As I continue along my journey down the path of writing my first book, a memoir, it’s taken me months of trial and error to figure out how to do it, and although I’m still struggling, today I made real progress.
You see, back when I first started trying to figure out how to write my book, I thought I’d begin by reading similar books in the memoir genre in order to understand their structure, conventions, and obligatory scenes.
My first choice was Becoming by Michelle Obama. I admire her greatly and would love to read about her life.
Enter problem #1…
Becoming isn’t a memoir; it’s an autobiography. An autobiography details someone’s entire life. A memoir covers only a specific part of it.
People who are successful subjects of an autobiography are famous, and the rest of us are curious to know more about their lives. People who are not famous- like me, you, and your fifth grade teacher- should stick to memoir. This is because no one is really interested in hearing the details of our entire lives, like where we grew up and which elementary school we attended. Rather, readers are interested in relating to a specific experience in our lives and learning how they can overcome whatever struggle we overcame without necessarily having to experience it for themselves.
Alright, my first move was in the wrong direction (typical, as is well known by anyone who’s suffered navigating a new city with me. If I say, left- go right). Time to try again.
The second move I made was to contact a publisher to assess if there is any interest as well as to get some coaching about how to write it. I contacted Wise Ink publishers because they are a smaller company based in my home state of Minnesota, so I felt that their interactions with me would embody the Minnesota niceness that I’d been missing for so long. They also had an appealing website and a young team of professionals, who I thought might be more open-minded when working with a novice writer such as myself.
During our first phone call, the coaches picked up on the fact that I was inspired by a fellow Minnesotan’s memoir: Wild by Cheryl Strayed. She is another blonde midwestern woman who’s been through some shit and whose story other people have found interesting and enjoyable.
In light of my connection, the coaches recommended that I read It’s Okay to Laugh (Crying is Cool Too) by Nora McInerny. She is also a blonde woman from Minnesota who wrote a book about a life experience that people wanted to read, and would even pay for.
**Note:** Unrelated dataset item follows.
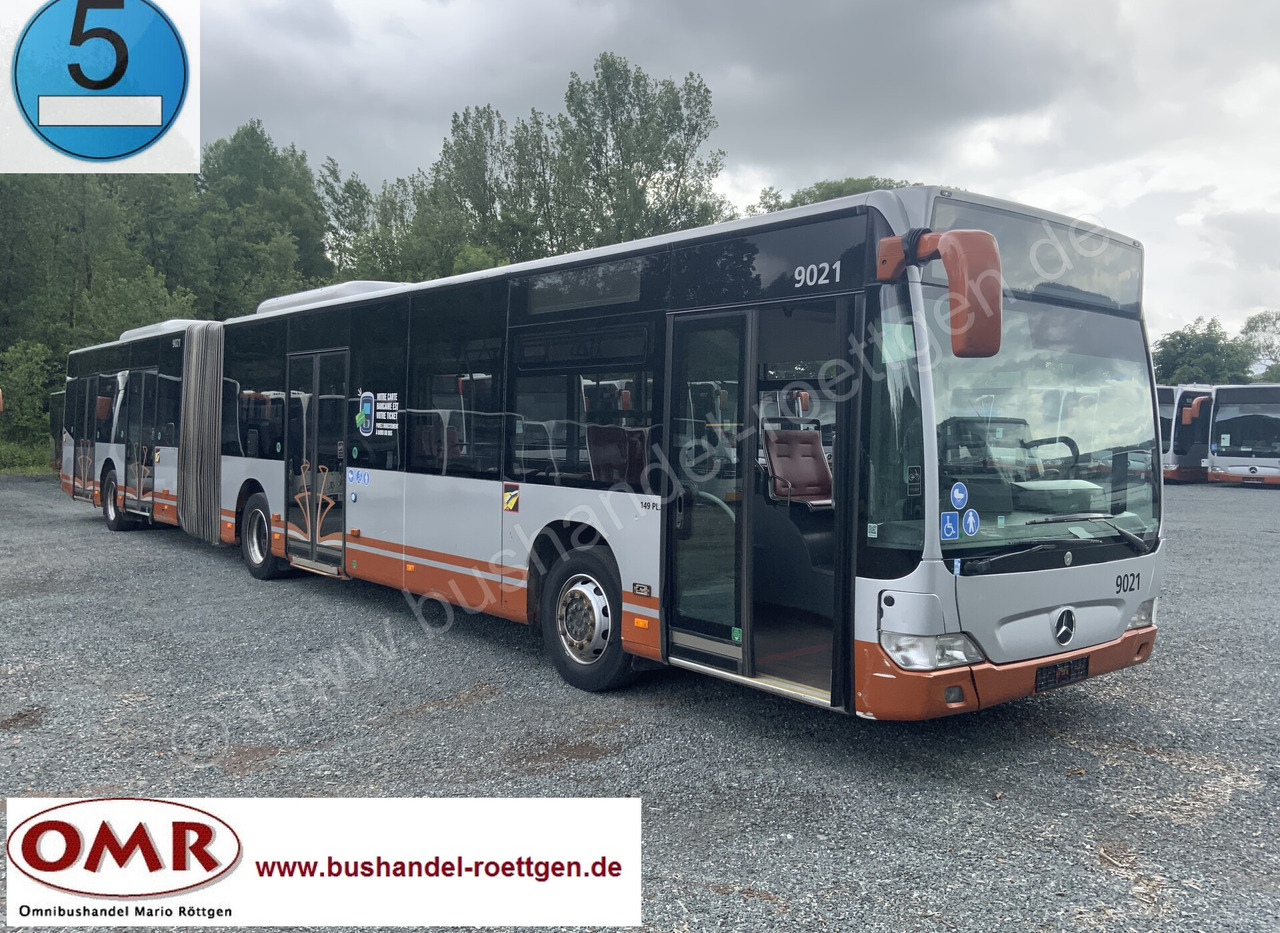 Mercedes-Benz O 530 G Citaro - Autobús articulado: foto 1 Mercedes-Benz O 530 G Citaro - Autobús articulado: foto 1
Her book is a story about the grief she went through after having lost her father, her husband, and a pregnancy all within a very short amount of time.
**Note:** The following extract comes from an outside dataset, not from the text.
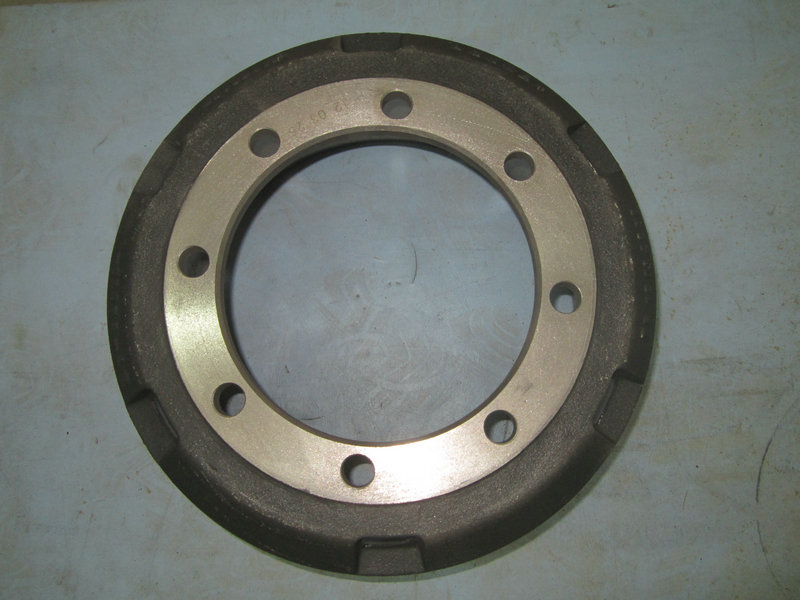 Rear brake drum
I laughed and cried as I devoured Ms. McInerny’s writing. She shared many candid stories about her grief, each one teaching readers the lessons she’d learned from the experience. I loved the book’s precise organization and structure, and thought I too could teach the lessons I’d learned while experiencing life as a single, divorced, blonde, disabled American woman alone in the Middle East.
Problem #2: The book I now found my writing, and the one my writing was modeling, isn’t so much a memoir as it is a story of personal growth. At this point, my story about living and working in Qatar was diverging into two different ones. Like Nora McInerny, I related to having some shitty life experiences (particularly a diagnosis of Multiple Sclerosis, meaning that my immune system errantly attacks my central nervous system), and I knew I could tell my story about it in a way that might help others get through similar situations. Yet at the same time, I wanted to inspire people to travel the world by sharing the pleasant and highly entertaining experiences I’d had over the four years I lived in Doha.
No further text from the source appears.